# Purina Pro Plan Performance Kibble Size?



## DL (Jan 13, 2003)

I bought a bag of Purina Pro Plan Performance, and the kibble size is really small. Is it always like that?


----------



## shootem (Apr 25, 2003)

Yes


----------



## roxie (Oct 23, 2003)

Yeah.....it's kind of heart shaped.


----------



## DL (Jan 13, 2003)

I just opened a new bag and the kibble is bigger this time around. Its still smaller than most kibble I have been feeding.


----------



## roxie (Oct 23, 2003)

Interesting.
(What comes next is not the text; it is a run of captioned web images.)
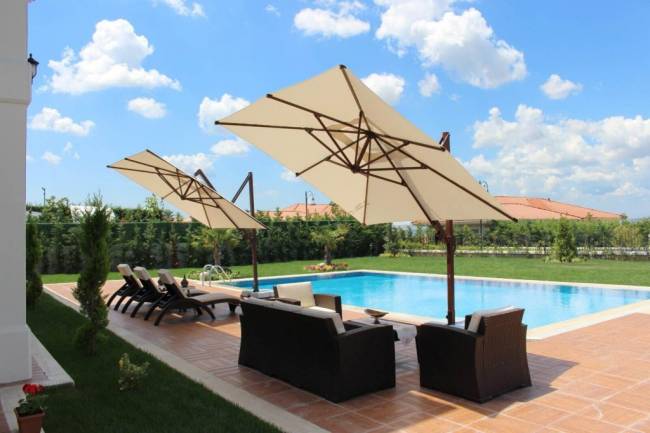 Зонт профессиональный 4х4 м Banana Plus бежевый 4000х4000 мм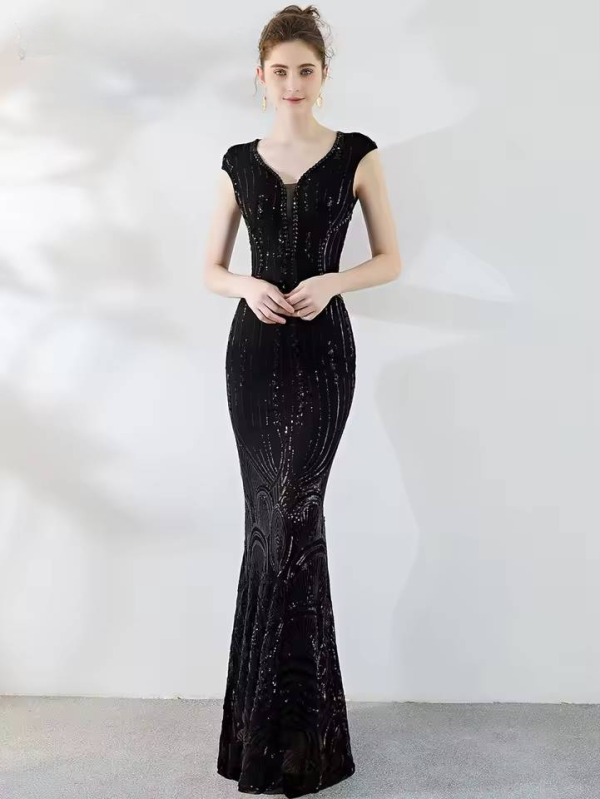 Elegant Luxury V-Neck Sequin Birthday Party Maxi Dress - Image 5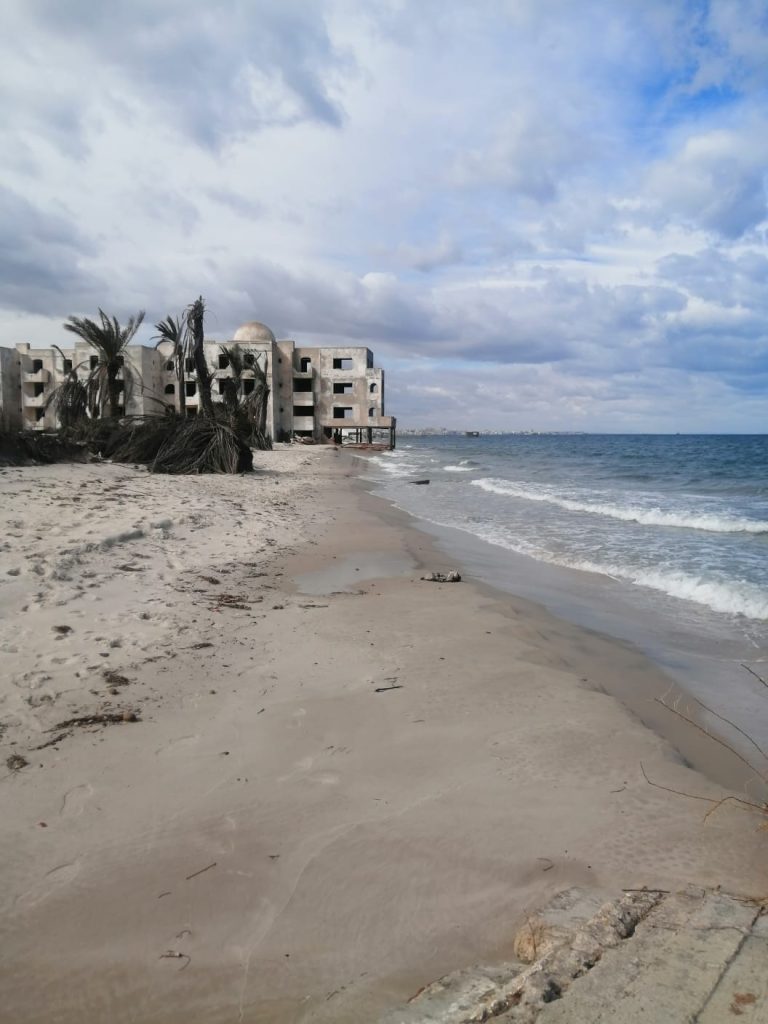 H&ocirc;tel inachev&eacute;e pied dans leau &agrave; monastir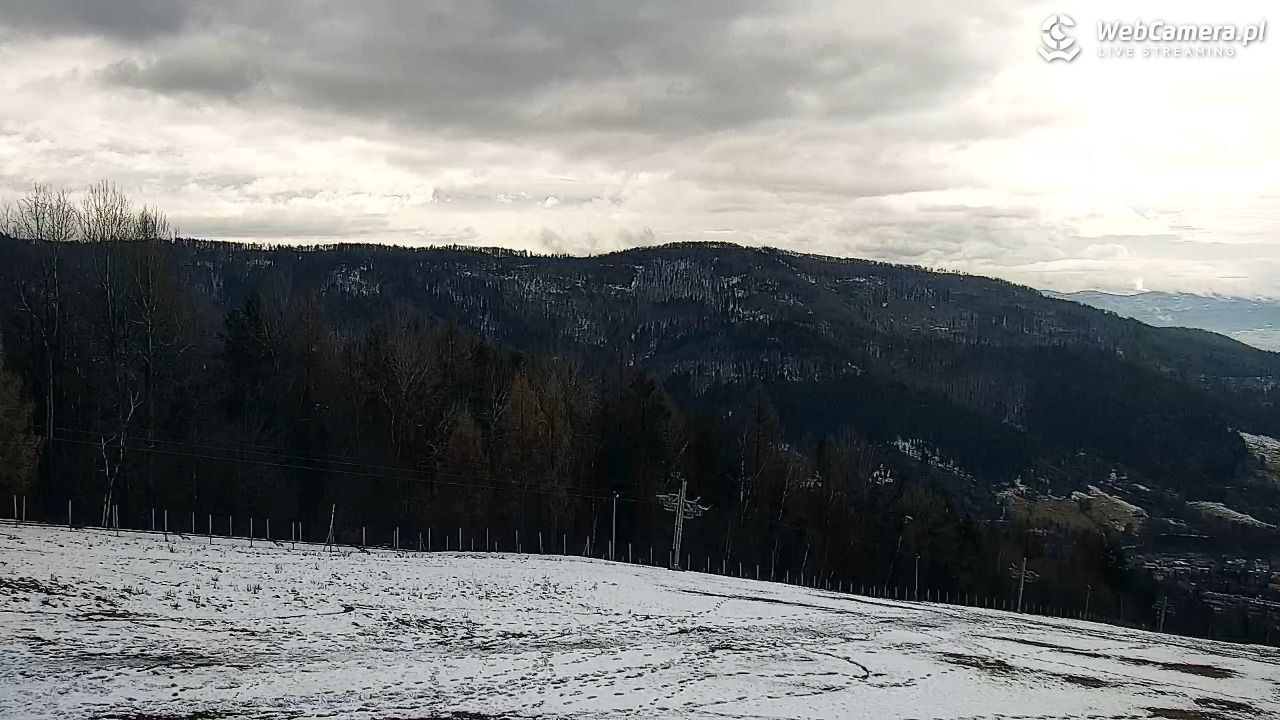 Góra Żar - widok panoramiczny na Beskidy - 23 luty 2026, 10:40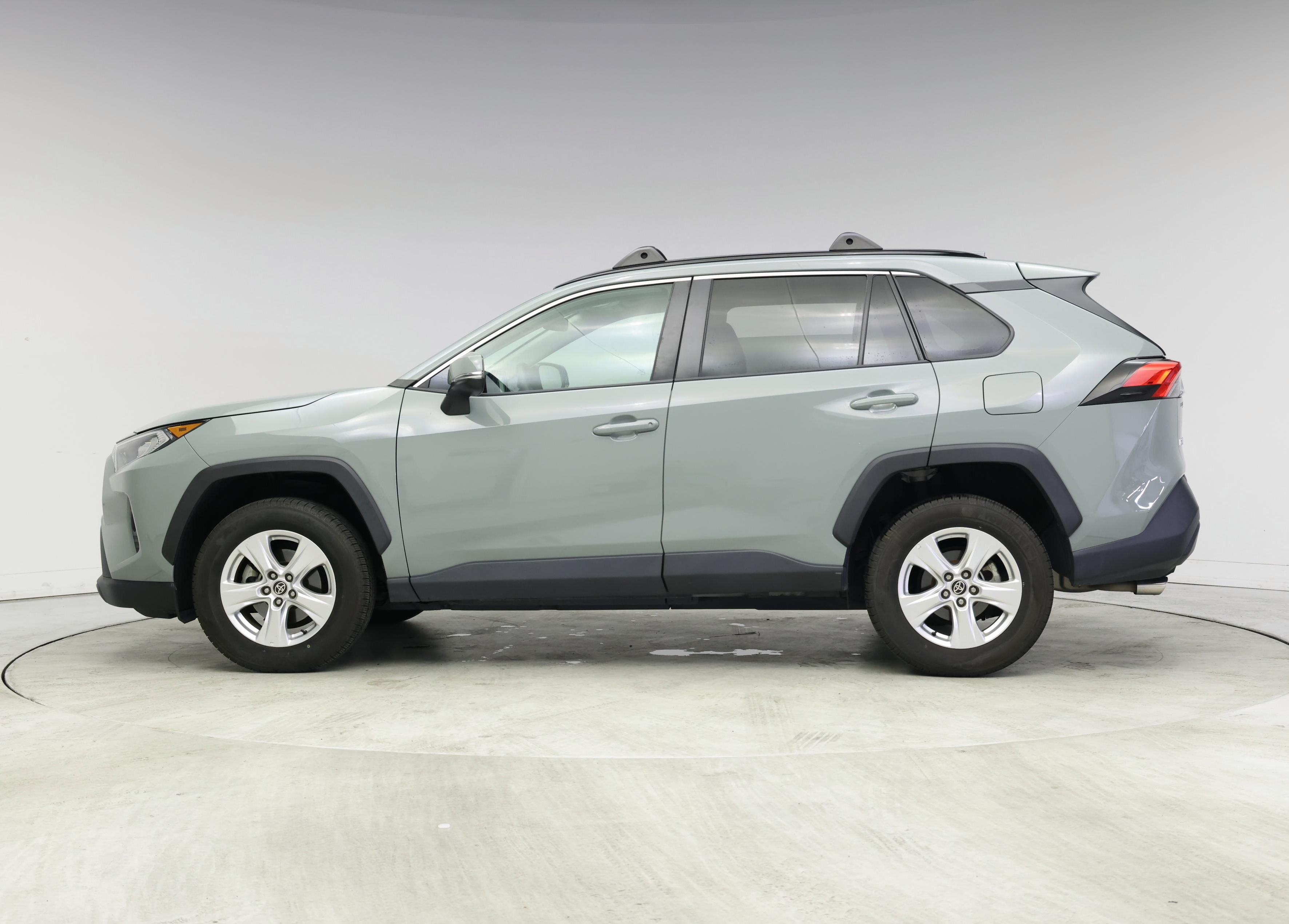 Thumbnail: 2021 Toyota RAV4 - 3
I just opened a new bag of Performance yesterday and it looked the same to me. Maybe they're making a change.


----------



## KC Steve (Jan 6, 2004)

I buy both performance and adult from Pro Plan and the kibble sizes are differant for each type of food.

Steve


----------



## DL (Jan 13, 2003)

The first batch must not have had any yeast in it :idea: They are both heart shaped but the new batch is thicker.

I will say that my dog is doing well on it, better than when I was feeding eukanuba large breed premium performance.


----------



## potshot (Mar 16, 2004)

If you want to see big kibbles, check on Science Diet t/d --the dental formula. They're nearly golfball sized.


----------